In den letzten Tagen war von diesem Interesse weniger zu spüren. Auch wenn es keinen Zweifel daran gibt, dass die Maßnahmen, die die palästinensischen Behörden im Westjordanland zur Eindämmung ergriffen haben, in Koordination mit israelischen Stellen erfolgten, so gibt es doch Vorgänge, die Palästinenser*innen an diesem Interesse zweifeln lassen. Als Beispiel sei ein kürzlich in den palästinensischen sozialen Medien verbreitetes Video genannt. Darin ist ein palästinensischer Arbeiter zu sehen, der an einem israelischen Kontrollpunkt in der Nähe des Dorfes Beit Sira am Straßenrand liegt. Sein israelischer Arbeitgeber hatte die israelische Polizei angerufen, nachdem der Arbeiter offenbar an seiner Arbeitsstelle schwer erkrankt war und der Arbeitgeber vermutet hatte, dass er mit dem Virus infiziert sei. Der Arbeiter wurde ohne jede weitere medizinische Versorgung in einem kaum ansprechbaren Zustand ohne weitere Koordination am Straßenrand beim Kontrollpunkt zu den palästinensischen Gebieten abgeladen.

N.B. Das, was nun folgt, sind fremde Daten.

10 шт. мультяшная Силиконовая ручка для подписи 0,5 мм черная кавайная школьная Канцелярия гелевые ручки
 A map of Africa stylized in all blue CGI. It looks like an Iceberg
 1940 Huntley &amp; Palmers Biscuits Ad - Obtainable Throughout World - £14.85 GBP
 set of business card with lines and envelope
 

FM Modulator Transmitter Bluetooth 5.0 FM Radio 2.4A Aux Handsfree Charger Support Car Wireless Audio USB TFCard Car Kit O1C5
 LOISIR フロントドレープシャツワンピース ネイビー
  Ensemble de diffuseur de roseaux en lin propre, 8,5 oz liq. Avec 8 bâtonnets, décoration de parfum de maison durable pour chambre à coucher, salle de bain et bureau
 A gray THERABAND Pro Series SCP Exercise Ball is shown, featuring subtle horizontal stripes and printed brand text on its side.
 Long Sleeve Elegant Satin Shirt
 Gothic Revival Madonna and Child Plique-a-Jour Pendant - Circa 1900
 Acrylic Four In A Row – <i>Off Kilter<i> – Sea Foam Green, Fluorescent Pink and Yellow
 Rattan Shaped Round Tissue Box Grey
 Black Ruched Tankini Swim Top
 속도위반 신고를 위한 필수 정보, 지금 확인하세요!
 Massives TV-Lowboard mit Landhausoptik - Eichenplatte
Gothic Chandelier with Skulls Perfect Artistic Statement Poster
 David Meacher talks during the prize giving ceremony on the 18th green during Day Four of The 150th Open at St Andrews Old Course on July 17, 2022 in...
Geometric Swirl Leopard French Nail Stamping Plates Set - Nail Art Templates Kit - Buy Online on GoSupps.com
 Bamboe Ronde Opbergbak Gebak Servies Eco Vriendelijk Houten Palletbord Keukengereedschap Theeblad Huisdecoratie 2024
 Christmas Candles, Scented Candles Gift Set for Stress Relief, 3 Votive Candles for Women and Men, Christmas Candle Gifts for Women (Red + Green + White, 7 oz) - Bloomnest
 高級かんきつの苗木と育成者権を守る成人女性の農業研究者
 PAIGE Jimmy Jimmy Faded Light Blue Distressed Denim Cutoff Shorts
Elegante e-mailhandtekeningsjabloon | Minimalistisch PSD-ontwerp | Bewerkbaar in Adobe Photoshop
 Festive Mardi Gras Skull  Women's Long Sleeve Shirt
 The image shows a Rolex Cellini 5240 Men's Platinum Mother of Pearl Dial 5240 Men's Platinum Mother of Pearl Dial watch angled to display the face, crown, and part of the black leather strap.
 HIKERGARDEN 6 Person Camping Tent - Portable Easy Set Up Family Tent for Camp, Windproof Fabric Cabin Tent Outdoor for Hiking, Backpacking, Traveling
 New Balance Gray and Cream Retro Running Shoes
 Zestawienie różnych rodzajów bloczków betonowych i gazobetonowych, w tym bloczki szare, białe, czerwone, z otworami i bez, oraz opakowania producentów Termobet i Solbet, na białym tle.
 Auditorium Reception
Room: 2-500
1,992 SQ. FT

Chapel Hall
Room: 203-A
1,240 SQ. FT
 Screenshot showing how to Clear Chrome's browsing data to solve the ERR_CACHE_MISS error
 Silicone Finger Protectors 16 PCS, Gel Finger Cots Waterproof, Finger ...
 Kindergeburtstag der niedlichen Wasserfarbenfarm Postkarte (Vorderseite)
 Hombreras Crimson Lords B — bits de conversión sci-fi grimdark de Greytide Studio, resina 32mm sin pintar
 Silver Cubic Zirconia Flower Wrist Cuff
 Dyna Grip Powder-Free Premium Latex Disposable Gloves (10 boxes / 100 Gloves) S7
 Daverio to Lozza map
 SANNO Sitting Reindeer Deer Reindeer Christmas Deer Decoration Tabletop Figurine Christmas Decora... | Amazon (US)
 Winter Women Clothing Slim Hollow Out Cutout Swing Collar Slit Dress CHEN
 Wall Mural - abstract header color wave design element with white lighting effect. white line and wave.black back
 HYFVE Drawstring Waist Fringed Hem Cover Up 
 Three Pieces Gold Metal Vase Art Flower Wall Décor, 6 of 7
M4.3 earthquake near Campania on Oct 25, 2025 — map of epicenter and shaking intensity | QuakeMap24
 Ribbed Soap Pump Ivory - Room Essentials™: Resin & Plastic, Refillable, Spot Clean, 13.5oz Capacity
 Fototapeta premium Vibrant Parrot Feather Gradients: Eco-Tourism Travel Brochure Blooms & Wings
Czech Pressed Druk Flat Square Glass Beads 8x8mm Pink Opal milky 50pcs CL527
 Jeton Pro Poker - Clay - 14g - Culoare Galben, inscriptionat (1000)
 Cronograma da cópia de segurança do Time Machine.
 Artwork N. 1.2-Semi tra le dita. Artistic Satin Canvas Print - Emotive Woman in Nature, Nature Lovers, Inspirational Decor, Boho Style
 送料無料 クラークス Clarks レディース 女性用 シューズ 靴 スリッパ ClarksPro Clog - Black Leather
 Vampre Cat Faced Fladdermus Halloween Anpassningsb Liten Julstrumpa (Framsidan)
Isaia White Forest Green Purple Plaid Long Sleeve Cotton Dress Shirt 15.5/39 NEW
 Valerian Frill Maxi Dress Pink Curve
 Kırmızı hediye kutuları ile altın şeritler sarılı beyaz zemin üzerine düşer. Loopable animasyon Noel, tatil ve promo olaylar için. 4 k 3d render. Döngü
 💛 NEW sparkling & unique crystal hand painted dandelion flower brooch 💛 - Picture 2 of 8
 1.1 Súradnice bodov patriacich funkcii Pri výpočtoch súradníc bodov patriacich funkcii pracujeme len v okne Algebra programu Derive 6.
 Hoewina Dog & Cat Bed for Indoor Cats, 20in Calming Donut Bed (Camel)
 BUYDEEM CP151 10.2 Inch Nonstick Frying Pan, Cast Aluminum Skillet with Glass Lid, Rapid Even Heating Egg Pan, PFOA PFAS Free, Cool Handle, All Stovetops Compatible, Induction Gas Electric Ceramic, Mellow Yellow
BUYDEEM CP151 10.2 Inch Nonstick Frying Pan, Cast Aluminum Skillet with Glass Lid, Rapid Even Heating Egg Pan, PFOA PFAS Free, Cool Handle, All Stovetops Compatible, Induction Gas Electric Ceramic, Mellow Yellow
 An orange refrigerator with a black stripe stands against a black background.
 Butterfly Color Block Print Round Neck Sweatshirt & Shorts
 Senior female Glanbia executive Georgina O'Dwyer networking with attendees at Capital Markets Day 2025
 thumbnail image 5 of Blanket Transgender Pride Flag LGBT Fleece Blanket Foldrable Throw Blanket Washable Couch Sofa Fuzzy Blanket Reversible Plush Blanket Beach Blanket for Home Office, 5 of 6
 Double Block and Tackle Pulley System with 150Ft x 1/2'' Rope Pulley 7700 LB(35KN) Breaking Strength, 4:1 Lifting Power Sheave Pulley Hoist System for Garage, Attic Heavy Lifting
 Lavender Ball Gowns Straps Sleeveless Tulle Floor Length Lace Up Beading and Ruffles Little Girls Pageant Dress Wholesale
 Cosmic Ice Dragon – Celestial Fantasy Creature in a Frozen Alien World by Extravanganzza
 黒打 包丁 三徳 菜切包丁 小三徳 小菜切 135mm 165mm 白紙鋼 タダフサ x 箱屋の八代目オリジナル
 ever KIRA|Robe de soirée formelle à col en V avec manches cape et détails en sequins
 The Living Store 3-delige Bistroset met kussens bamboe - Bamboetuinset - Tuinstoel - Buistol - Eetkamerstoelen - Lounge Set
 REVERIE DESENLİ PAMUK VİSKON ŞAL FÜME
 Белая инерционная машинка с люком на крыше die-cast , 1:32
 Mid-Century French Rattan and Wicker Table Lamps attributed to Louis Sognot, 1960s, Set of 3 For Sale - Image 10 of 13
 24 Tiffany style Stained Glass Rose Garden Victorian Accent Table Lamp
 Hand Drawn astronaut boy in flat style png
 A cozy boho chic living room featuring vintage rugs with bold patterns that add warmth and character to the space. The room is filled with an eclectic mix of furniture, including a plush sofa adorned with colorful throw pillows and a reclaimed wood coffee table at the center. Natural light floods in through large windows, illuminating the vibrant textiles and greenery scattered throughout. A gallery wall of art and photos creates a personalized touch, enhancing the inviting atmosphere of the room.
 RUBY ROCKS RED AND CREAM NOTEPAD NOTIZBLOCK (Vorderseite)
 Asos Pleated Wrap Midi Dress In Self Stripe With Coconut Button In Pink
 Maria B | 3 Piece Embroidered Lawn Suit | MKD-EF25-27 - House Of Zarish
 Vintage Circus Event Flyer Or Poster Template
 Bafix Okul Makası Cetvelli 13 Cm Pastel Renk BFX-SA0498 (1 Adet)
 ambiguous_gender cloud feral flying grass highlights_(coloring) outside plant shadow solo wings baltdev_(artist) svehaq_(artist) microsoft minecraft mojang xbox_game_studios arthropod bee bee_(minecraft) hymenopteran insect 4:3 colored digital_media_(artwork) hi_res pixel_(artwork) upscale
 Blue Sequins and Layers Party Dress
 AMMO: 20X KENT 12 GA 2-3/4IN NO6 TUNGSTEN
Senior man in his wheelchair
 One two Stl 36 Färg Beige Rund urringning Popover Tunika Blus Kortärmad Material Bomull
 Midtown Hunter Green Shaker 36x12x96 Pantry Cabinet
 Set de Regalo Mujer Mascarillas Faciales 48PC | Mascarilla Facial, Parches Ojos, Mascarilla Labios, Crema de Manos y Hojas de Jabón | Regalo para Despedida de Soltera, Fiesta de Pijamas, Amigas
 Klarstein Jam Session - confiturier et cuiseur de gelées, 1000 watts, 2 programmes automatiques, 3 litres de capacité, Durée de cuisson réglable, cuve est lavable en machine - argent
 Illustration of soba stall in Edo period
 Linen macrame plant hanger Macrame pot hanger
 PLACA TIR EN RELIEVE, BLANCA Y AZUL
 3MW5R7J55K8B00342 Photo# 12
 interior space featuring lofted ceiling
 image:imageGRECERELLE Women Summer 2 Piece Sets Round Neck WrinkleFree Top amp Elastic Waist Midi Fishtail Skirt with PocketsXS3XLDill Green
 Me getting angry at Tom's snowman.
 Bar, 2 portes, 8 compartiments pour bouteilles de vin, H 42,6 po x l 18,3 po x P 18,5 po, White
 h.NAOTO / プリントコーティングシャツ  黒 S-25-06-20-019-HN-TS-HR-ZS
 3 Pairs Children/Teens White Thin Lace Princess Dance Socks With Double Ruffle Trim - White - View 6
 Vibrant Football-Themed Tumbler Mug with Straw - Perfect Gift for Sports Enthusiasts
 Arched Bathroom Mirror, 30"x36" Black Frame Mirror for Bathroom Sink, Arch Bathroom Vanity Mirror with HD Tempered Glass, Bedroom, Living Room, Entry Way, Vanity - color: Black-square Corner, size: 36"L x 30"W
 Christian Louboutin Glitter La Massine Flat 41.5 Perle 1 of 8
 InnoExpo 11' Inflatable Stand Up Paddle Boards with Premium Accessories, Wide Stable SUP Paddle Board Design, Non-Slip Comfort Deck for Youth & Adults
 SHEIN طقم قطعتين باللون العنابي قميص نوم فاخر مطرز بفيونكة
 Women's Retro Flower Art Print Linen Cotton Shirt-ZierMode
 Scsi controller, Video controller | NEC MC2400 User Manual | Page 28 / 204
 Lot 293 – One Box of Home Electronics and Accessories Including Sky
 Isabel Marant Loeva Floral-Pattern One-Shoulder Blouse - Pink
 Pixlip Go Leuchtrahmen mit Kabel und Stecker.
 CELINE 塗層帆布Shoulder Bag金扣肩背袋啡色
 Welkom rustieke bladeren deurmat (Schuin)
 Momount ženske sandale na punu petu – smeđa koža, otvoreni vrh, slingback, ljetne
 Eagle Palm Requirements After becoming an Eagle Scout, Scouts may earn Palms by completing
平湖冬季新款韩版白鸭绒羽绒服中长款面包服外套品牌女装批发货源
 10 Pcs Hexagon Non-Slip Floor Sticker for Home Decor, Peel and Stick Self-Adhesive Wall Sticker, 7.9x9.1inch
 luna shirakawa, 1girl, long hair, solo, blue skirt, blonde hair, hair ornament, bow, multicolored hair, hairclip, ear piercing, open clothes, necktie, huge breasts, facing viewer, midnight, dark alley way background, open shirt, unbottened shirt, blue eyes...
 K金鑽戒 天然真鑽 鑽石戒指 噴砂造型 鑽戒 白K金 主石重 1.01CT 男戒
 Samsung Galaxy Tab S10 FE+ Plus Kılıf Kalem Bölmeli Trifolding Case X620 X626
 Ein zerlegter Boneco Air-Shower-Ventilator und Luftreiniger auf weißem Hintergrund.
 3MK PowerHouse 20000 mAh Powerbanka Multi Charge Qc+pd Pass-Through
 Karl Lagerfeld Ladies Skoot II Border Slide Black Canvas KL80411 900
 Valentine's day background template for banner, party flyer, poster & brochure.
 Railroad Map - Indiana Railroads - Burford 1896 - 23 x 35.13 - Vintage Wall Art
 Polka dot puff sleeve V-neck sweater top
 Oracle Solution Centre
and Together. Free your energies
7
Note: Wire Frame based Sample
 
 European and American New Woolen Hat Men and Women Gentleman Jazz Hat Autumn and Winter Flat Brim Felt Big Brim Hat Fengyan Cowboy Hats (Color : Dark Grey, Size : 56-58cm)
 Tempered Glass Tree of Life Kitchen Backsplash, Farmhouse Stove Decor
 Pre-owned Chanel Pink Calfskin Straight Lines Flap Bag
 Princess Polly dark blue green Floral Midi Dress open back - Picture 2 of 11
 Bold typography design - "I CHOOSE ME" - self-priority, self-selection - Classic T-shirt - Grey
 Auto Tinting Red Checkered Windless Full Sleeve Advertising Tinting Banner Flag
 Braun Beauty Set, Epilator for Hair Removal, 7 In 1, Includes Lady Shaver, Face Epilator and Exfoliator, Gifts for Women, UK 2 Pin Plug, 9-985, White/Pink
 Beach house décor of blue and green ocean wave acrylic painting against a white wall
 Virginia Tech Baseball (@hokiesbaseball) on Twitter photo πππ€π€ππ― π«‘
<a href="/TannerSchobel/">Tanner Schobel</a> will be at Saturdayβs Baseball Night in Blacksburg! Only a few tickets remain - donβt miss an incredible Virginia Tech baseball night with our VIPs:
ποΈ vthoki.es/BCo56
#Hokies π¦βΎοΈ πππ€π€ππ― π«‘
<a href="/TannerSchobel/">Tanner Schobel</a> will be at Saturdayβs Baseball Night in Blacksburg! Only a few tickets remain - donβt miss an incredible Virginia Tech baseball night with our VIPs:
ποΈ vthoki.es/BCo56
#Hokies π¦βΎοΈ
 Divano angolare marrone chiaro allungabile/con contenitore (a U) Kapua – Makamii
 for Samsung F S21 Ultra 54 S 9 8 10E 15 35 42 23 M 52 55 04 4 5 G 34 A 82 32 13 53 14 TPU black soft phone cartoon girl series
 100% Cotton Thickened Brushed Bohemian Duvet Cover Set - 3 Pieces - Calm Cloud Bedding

Angesichts der zunehmend angespannten Situation in Israel mit einer steigenden Zahl an Infizierten und einem Gesundheitssystem, das keinen Spielraum für medizinische Ausnahmesituationen lässt, ist es unwahrscheinlich, dass von dort Hilfe kommen wird. Auch die Tatsache, dass viele Länder, die Palästina im Allgemeinen finanziell unterstützen, gegenwärtig mit eigenen massiven Problemen durch die Pandemie konfrontiert sind, lässt nicht auf viel Unterstützung hoffen. Ebenso ist anzunehmen, dass von dort kein Druck auf Israel ausgeübt werden wird, seiner Verantwortung nachzukommen. Auch in Zeiten einer globalen Katastrophe bleibt Gaza isoliert.